_THE TASK_: For this exercise, write out only the lines of the entries below from the one with "New window with" up to and including the one with "Iran's top security", exactly as they are. Pictures stay out.

_RECORDS FOR THIS EXERCISE_:
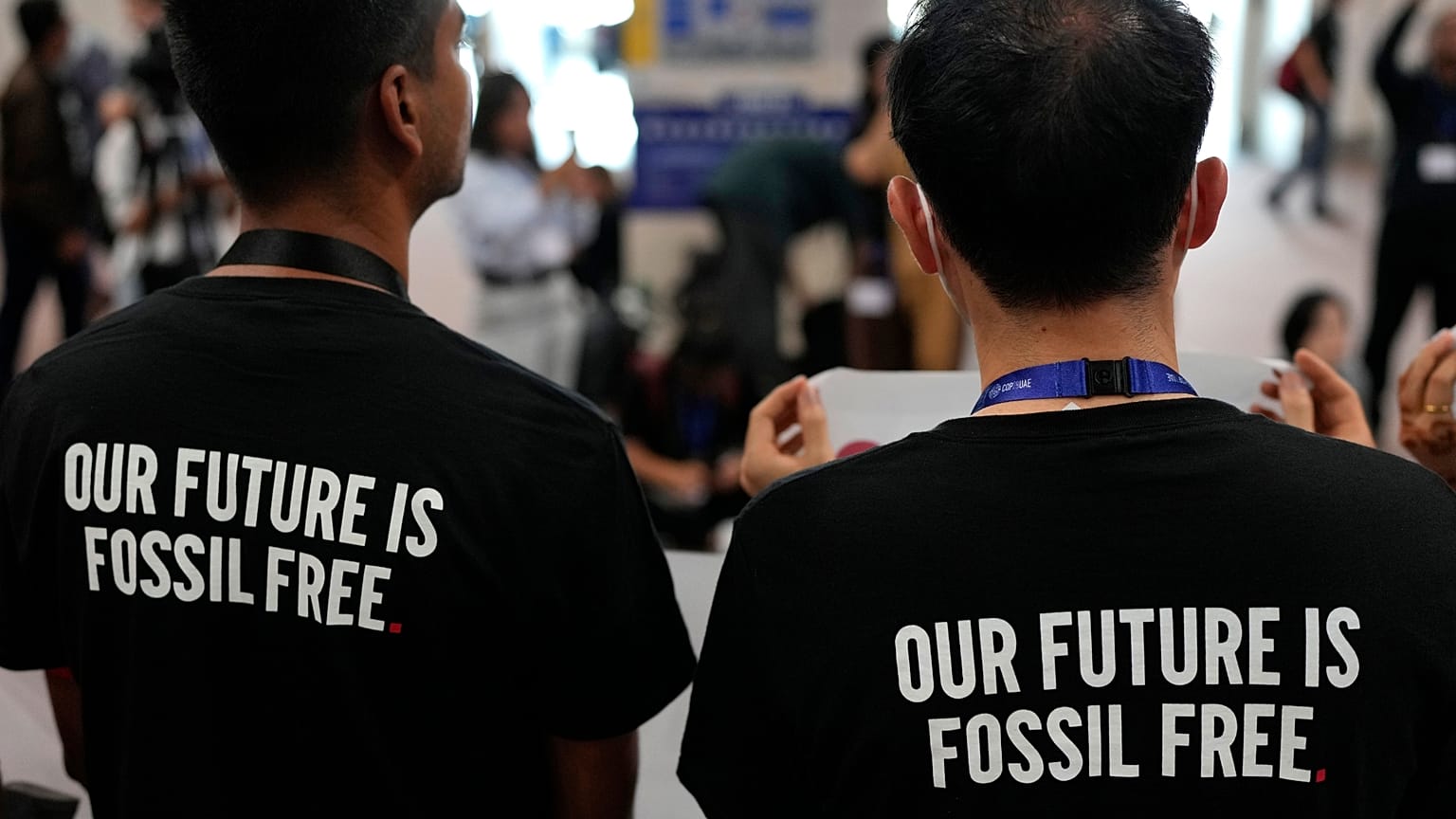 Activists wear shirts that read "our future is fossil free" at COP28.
---
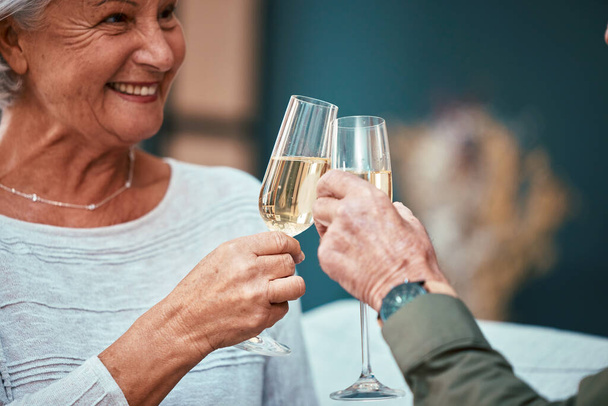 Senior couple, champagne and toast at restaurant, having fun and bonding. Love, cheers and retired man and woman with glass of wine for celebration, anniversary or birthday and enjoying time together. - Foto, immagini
==
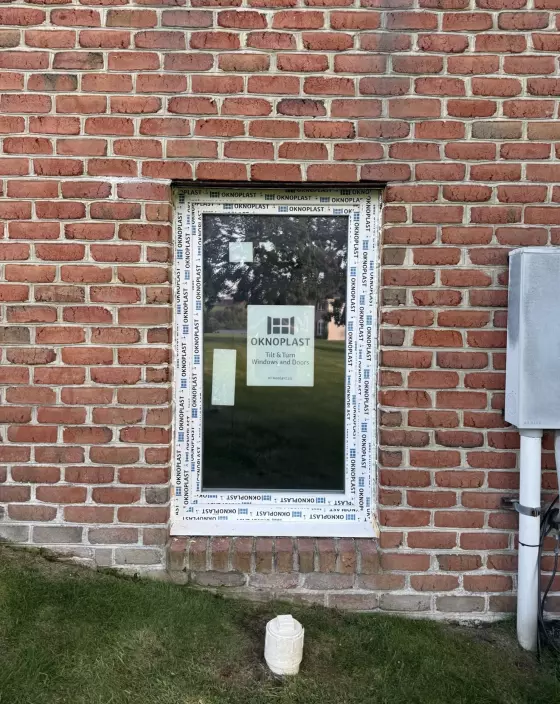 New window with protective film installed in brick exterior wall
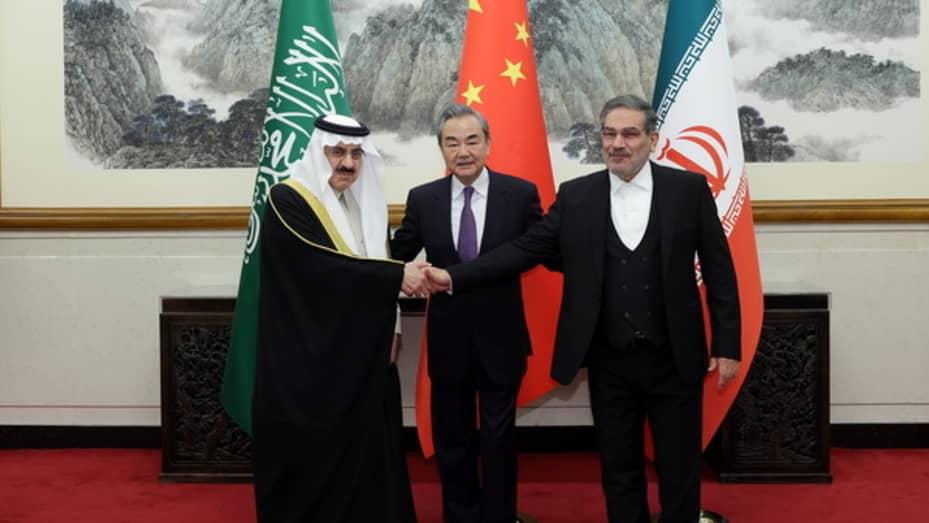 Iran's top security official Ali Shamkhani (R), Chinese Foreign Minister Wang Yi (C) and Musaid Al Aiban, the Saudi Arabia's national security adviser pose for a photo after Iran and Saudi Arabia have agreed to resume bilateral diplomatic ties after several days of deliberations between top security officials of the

_WRITTEN SOLUTION_:
 New window with protective film installed in brick exterior wall
 Iran's top security official Ali Shamkhani (R), Chinese Foreign Minister Wang Yi (C) and Musaid Al Aiban, the Saudi Arabia's national security adviser pose for a photo after Iran and Saudi Arabia have agreed to resume bilateral diplomatic ties after several days of deliberations between top security officials of the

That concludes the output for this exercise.